Sastra di Era Digital: Refleksi Karya dan Apresiasi dalam Media Sosial

 

                                      Sumber: Pixabay 


Oleh: Mukhlis, S..Pd., M.Pd.

"Jika ingin terkenal, silakan kencingi sumur Zamzam."

Pepatah Arab ini bisa menggambarkan tujuan penulis yang ingin menggugah ketenangan dunia maya. Dalam artikel yang agak kontroversial dan sedikit provokatif ini, penulis mencoba  membangunkan kembali semangat sastra yang selama ini terlelap di balik akun-akun media sosial. 

Tulisan yang tajam ini mulai menjalar di kalangan para sastrawan di dunia maya. Penulis melihat, sejauh ini, Facebook hanya digunakan untuk berbagi puisi sebagai cara melepaskan stres. Setiap postingan biasanya mendapat banyak jempol dan komentar positif.

Baca Juga: Gaya Bahasa: Seni Bersembunyi di Balik Kata-Kata

Komentar-komentar tersebut umumnya berisi pujian seperti "Hebat," "Luar biasa," atau "Kamulah maestro." Banyak pujian tertulis dengan rapi pada setiap postingan. Namun, dari pengamatan penulis dalam tiga tahun terakhir, hanya sedikit yang berisi kritik. 

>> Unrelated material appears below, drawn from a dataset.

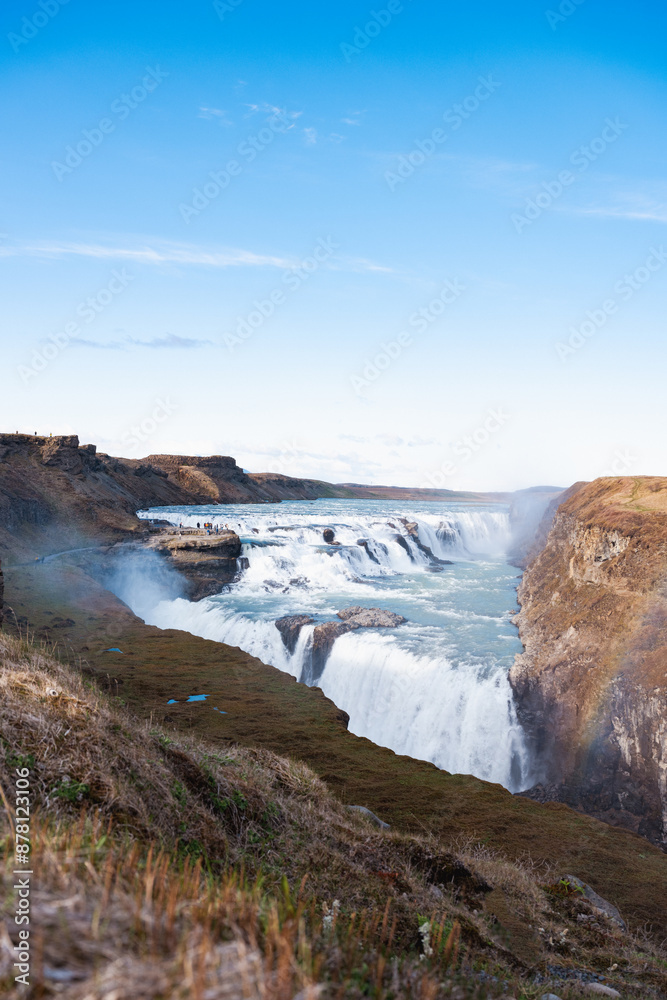 Stunning view of Gullfoss meaning golden waterfall, located in the canyon of the Hvita river, west of the Icelandic capital Reykjavik. Gullfoss is the most popular waterfall in Iceland.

Bahkan ada penyair yang meminta karyanya dikritik dan diberi masukan (kritikan konstruktif). Apakah komentar seperti ini, baik pujian maupun kritik, salah? 

Menurut penulis, itu adalah bentuk motivasi bagi penyair dalam berkarya, seperti yang dikatakan Malik (Djamarah, 2003), yang membedakan motivasi menjadi dua, yaitu intrinsik (dari dalam diri) dan ekstrinsik (dari luar), yang bisa berupa pujian atau kritik.

Baca Juga:Seni Mengonversi Cerpen ke Puisi: Inovasi Pembelajaran Bahasa Indonesia di SMA

Secara umum, dalam budaya yang sopan, pujian dianggap sebagai tambahan yang menyemangati seseorang dalam melakukan kegiatan.

Terkait dengan karya sastra, pujian adalah bentuk apresiasi dari pembaca, terlepas dari pengetahuan sastra dan status pembaca itu sendiri.

Untuk menghindari kebingungannya pembaca, mari kita kembali pada pepatah Arab yang menjadi pembuka tulisan ini. Dengan memposting tiga esai berturut-turut dalam waktu dekat, penulis berhasil menimbulkan pro dan kontra tentang isu yang dibahas.

Alhamdulillah, hasilnya luar biasa. Berbagai teori, konsep, dan pengalaman yang dibagikan oleh para pengampu sastra dengan latar belakang akademik yang beragam telah memberikan pelajaran sastra yang tidak didapatkan di bangku kuliah.

Baca Juga: Alur Cerpen: Jantungnya Narasi yang Memikat Pembaca

Bagi penulis, ini adalah inovasi baru dalam memanfaatkan media sosial yang sering dianggap negatif. Tanggapan terhadap materi yang disajikan oleh pengampu sastra diterima dengan cara yang unik. 

Bagi yang sudah berpengalaman, ini dianggap sebagai ilmu tambahan. Namun, bagi pemula, hal ini dianggap sebagai pengetahuan baru dan pengalaman dalam berkarya. Namun, ada juga penyair yang berkomentar, "Jangan dibahas terlalu detail, nanti malah tambah bingung." "Nikmati saja puisi itu sebagai luapan penyair yang meledak-ledak tanpa perlu analisis yang rumit" 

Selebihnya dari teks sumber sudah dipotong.